The bright dandelion-yellow daylilies [in Finnish]is what drove Chatarina to eventually extend the garden all the way to the back of the property.
“Yellow has always been a bit tricky for me, but at the same time, I find it nearly impossible to throw away any plant, even those with yellow blooms. My solution was to create a new section far enough from the house so I wouldn’t have to look at the daylilies all the time,” Chatarina says with a laugh.
Right now, the mostly yellow area in the lower part of the garden, by the pergola Kim built, is one of her favorites. For Chatarina, this is what gardening is all about—there are always new plants, styles, or ideas to spark your interest. She recalls being alternately excited about all-white flower groupings, English gardens, unusually bold foliage shapes, conifers [in Finnish]and ornamental grasses.


Expansive views and large-scale lines
Over the years, Chatarina’s attitude toward plants and garden design has evolved at least as much as Norrgård’s yard.
“In some ways, I’ve become calmer about all sorts of things. I used to panic if I saw aphids on my plants. Now I know the birds will eat them soon enough. Lately, I’ve tried to avoid the pesticides I once used, especially for weeds. I’ve realized my own hands are the best tool for removing them.”

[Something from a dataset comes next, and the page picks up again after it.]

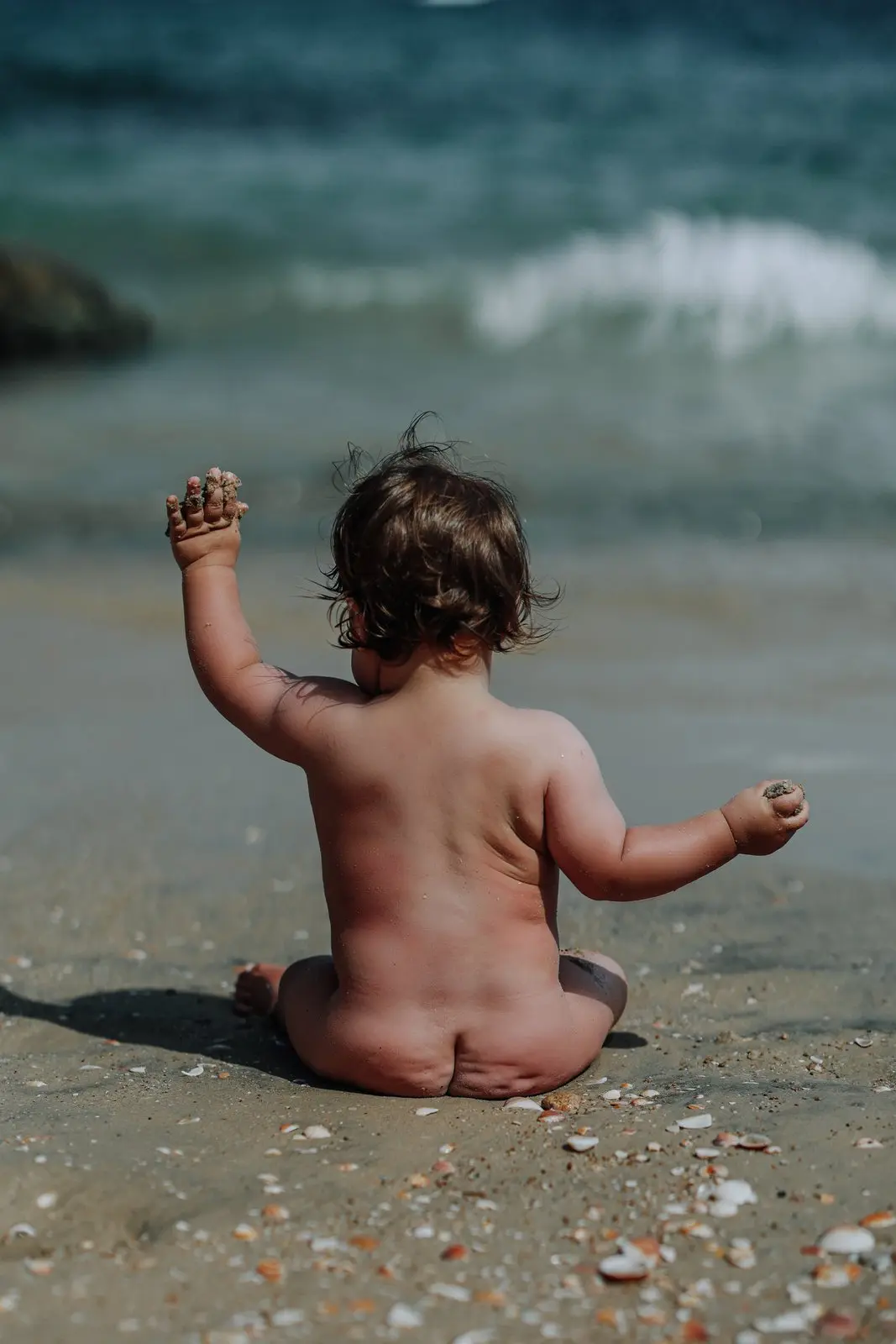 תינוק בן שנה על דשא עם צעצועים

Chatarina still struggles to feel kindly toward the roe deer that come regularly—especially when they nibble on the buds of her white lilies, for which she’s waited three years to bloom, or when a buck scrapes ugly marks into a fir trunk with its antlers. Because of the roe deer, some of the garden’s plants remain netted year-round.
In the first gardening book she bought, Chatarina read about a minimalist style that favored either striking specimen plants or broad mass plantings of a single species. But it didn’t suit her own garden at all.

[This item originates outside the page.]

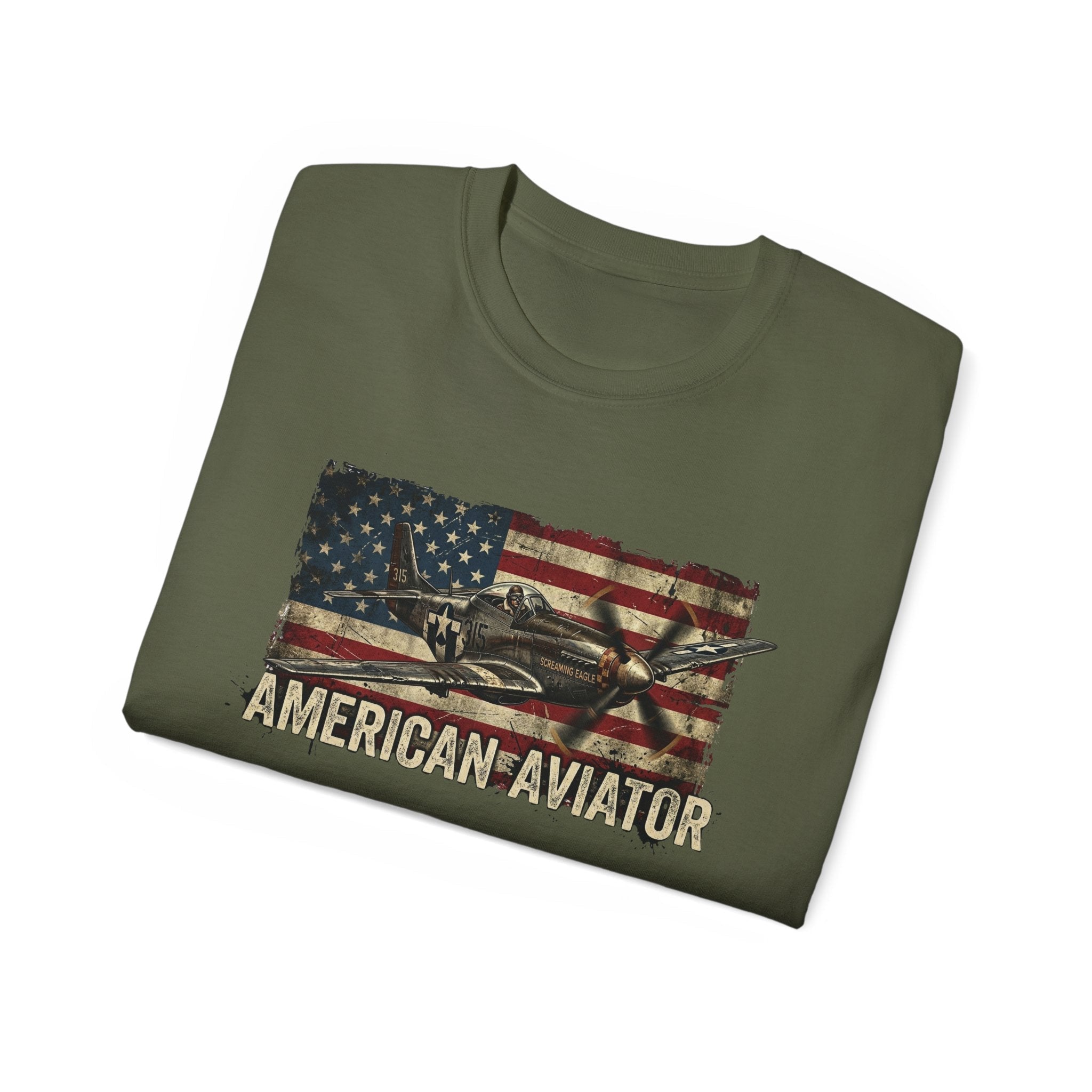 American Aviator T-Shirt – Vintage Flag Airplane Graphic Tee - Raven Quest Apparel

“I soon realized that my style is much more abundant. I want to keep the large, magnificent trees and the old-fashioned garden feel, and create different ‘rooms’ within the garden. My garden idol is the Swedish gardener Hannu Sarenström, whose free and lush style fascinates me. From him, I learned you should just let go. A big garden always has room for new ideas.”
Chatarina can’t imagine anything that wouldn’t fit in her garden now. She even has a garden gnome—a faded, decades-old figure pushing a wheelbarrow and smoking a pipe—that peeks out from under the silver spruce.
Rather than focusing on individual plant groups, Chatarina is now more interested in sweeping views and large-scale designs. She also makes a point of setting aside time to sit and observe her surroundings. As a result, the garden includes many more conifers, shapes, and low hedges.
“Sometimes I wish I’d planted certain trees ten years ago. I also think more carefully about what I highlight and what I hide, and how I guide people’s eyes and footsteps in the garden. The only downside of a big yard is that whenever I create a new planting area, I have to buy 50 plants instead of just five.”
Here’s how to make gardening easier: Chatarina’s tips
- Plant closely together and weed regularly. That way, the garden remains fairly easy to maintain early on, and weeds don’t have time to turn into a big problem.
- Cut off seed pods or wilted blossoms from plants that tend to spread easily.
- Save money on plant purchases by sowing at least some of your perennials from seed. Salvias and anise hyssop are good examples that are easy to grow.
- Help your plants adapt to minimal care. “I don’t water my garden plants at all after their first year, aside from a few roses. I also don’t protect them over winter,” Chatarina says.